C’est dans l’intimité de la Maison de Balzac que Louise Bourgeois a choisi d’exprimer pour une dernière fois son art : des œuvres dédiées à l’héroïne Eugénie Grandet.

Louise Bourgeois, artiste plasticienne majeure de la scène contemporaine décédée en mai dernier à New York, à l’âge de 98 ans avait exprimé le désir il y a deux ans de cela de présenter un travail réalisé en relation avec une héroïne notoire de Balzac : Eugénie Grandet. Ce travail de l’artiste franco-américaine trouve tout naturellement son espace d’exposition depuis hier à la Maison de Balzac .

Née en France en 1911, Louise Bourgeois vivait depuis 1938 à New York. Sa pratique de plasticienne systématiquement matinée d’une logique émotionnelle complexe s’est basée sur l’exploitation de thèmes récurrents : ses expériences de la vie. Elle s’était inventée une logique émotionnelle et artistique qui a traversé les différents courants sans perdre de sa singularité et en échappant de façon systématique à toute forme de classification.

Une œuvre autobiographique réalisée à partir de matériaux et d’éléments divers : des supports de propos lourds de sens, ses peintures, dessins, gravures, objets et sculptures-installations monumentales ne traitent que d’intime. Soucieuse de la condition féminine, autre thème qui se retrouve tout au long de son œuvre, Louise Bourgeois, se refusait au titre de « féministe » mais préférait admettre « s’occuper du féminin ».  Influente et reconnue, elle a su imposer une œuvre riche et polymorphe, les souvenirs d’enfance, l’humain, les relations amoureuses et sexuelles, la famille ont été source d’un art du « trauma » dans lequel souffrance et démons sont transformés et transcendés pour devenir « garantie de santé mentale ».

Je n’ai jamais fait de mal à une mouche.
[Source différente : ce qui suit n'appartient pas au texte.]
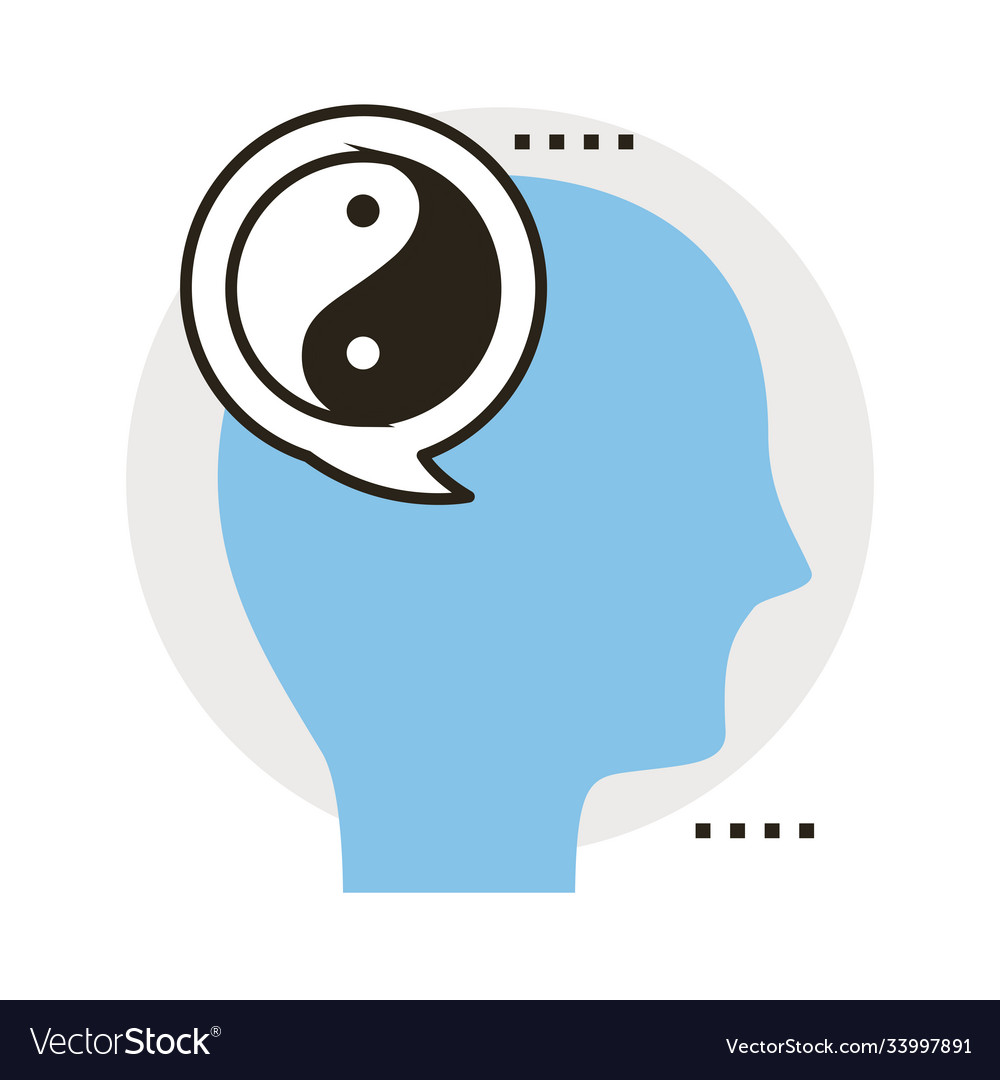 Profile with yin yang symbol in speech bubble line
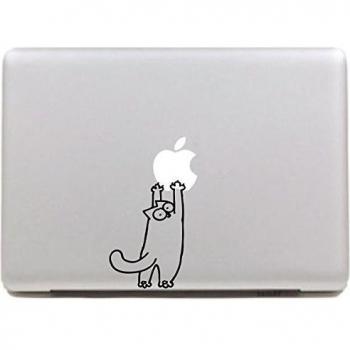 VATI Hojas desprendibles Creativo Fat Cat Sticker Decal Skin Arte Negro para Apple Macbook Pro Aire Mac 1315 Pulgadas/Unibody 1315 Pulgadas portátil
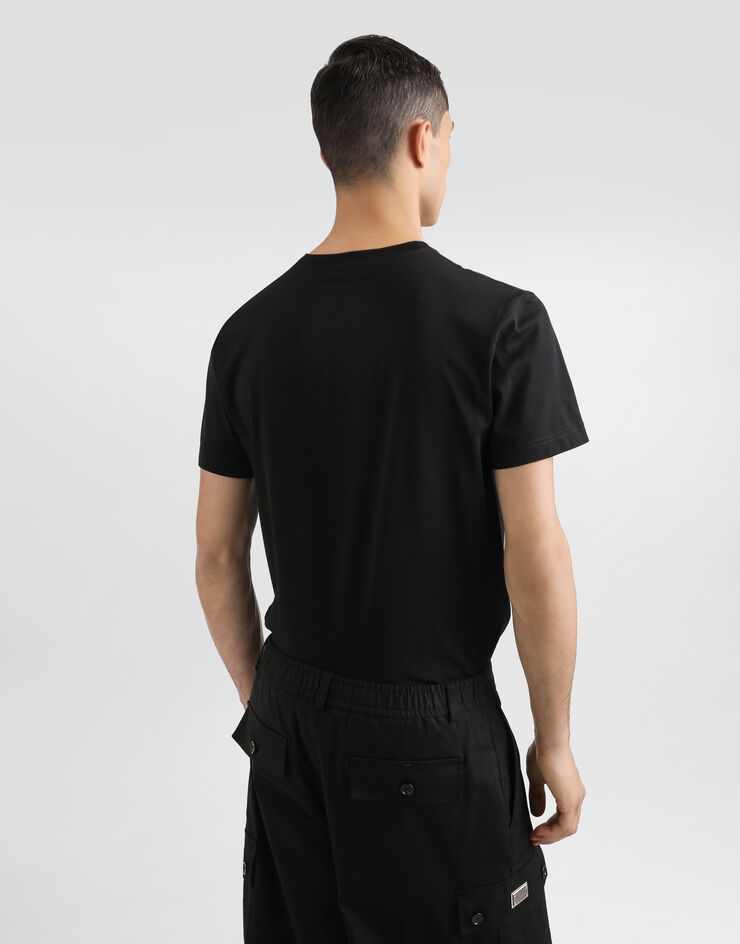 Dolce & Gabbana ロゴプレート コットン Tシャツ ブラック G8RN8TG7N7A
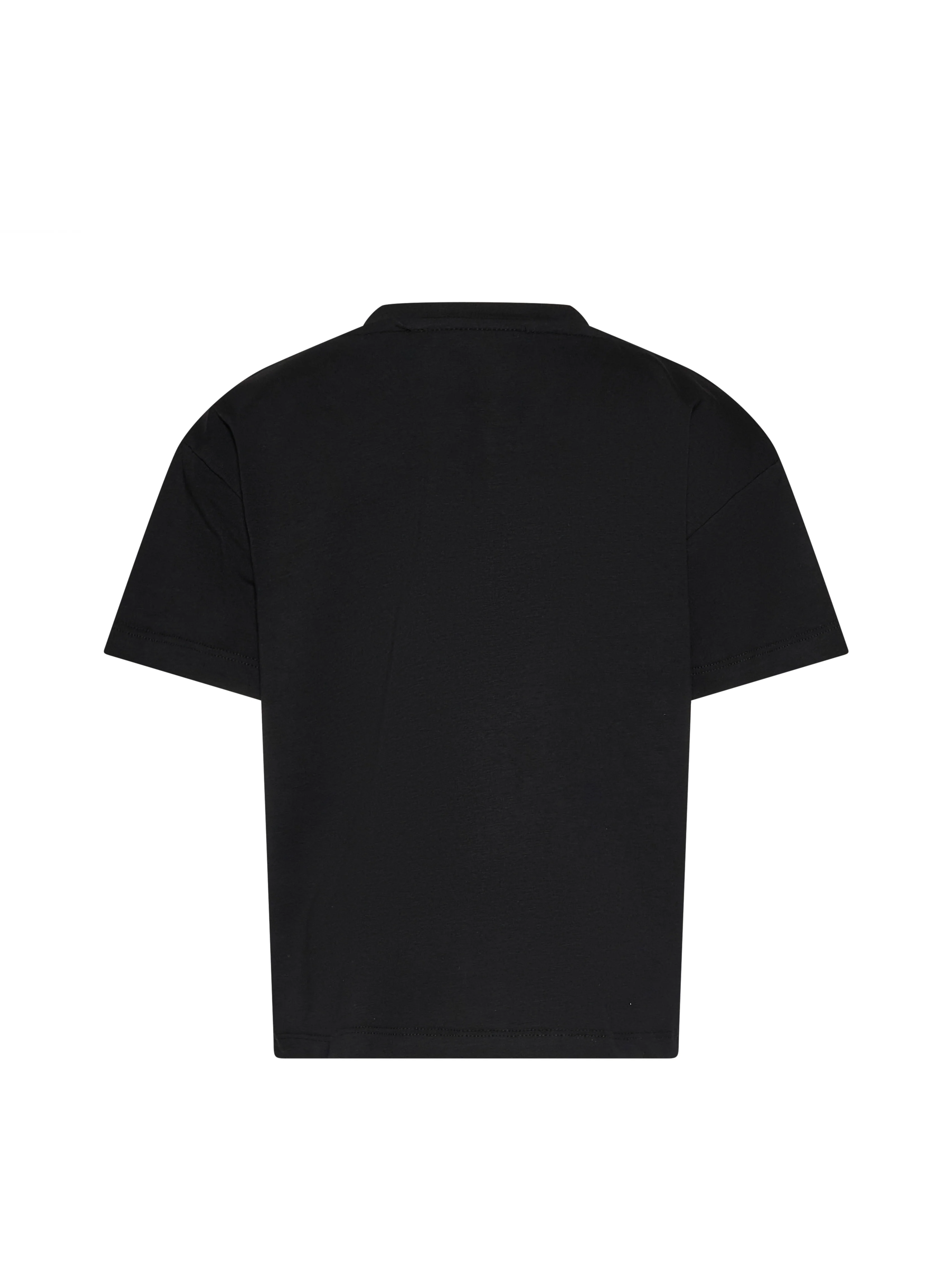 John Richmond Kids T-shirt Nera con Stampa Logo in Strass Negativo per Bambine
En fait, j’essaie de tout réparer. [...] Le but de ces pièces est d’exprimer des émotions. [...] Mes émotions sont mes démons.

C’est à partir des années 70 qu’elle connaîtra la notoriété avec des œuvres de plus en plus violentes « qui parlent souvent de meurtre ». C’est ainsi qu’elle va intégrer ses célèbres représentations du père : le phallus ( « fillette » ) et  de la mère ( « l’araignée ») :

Araignée • Louise Bourgeois

En 1982, à l’âge de 71 ans, elle deviendra la première femme à être honorée d’une rétrospective au MOMA, le Museum of Modern Arts de New York. S’en suivront en 1995 puis 2008 deux rétrospectives de son œuvre au Centre Georges Pompidou.

L’artiste se livre une dernière fois…

Aujourd’hui et seulement quelques mois après la disparition de l’artiste, la Maison de Balzac devient le théâtre d’une rencontre entre deux femmes dont les histoires et le parcours sont intimement liées.

Le roman de Balzac : Eugénie Grandet, favorablement accueilli par le public dès sa publication en 1833 traite de sujets chers à Louise Bourgeois (famille, douleur et solitude) et met en scène une héroïne dont l’épanouissement est systématiquement compromis : « celle à qui l’on ne donna jamais la chance de grandir » -selon les dires de l’artiste.

Louise Bourgeois, Eugénie Grandet

Louise Bourgeois, Eugénie Grandet, 2009 Courtesy Cheim & Read, Hauser & Wirth and Galerie Karsten Greve © Adagp, Paris 2010 Photo: Christopher Burke

Eugénie Grandet devient tout naturellement un personnage source d’ « identification récurrente ».

le prototype de la femme qui ne s’est pas réalisée. Elle est dans l’impossibilité de s’épanouir. Ce personnage de Balzac est la prisonnière de son père qui avait besoin d’une bonne. Son destin est celui d’une femme qui n’a jamais l’occasion d’être une femme…

Attachée à ce personnage d’une grande complexité, c’est dans les liens qui unissent les destins de l’héroïne du roman et de l’artiste que vont se construire les œuvres qui vont investir la Maison de Balzac mais également dans le souvenir de la mère de Louise Bourgeois, tisserande de métier.  Revenant à la broderie, elle livre -parfois avec humour et délicatesse- dans ces dernières réalisations une vision du monde désuète et onirique, évocatrice d’un passé lointain et perdu depuis longtemps…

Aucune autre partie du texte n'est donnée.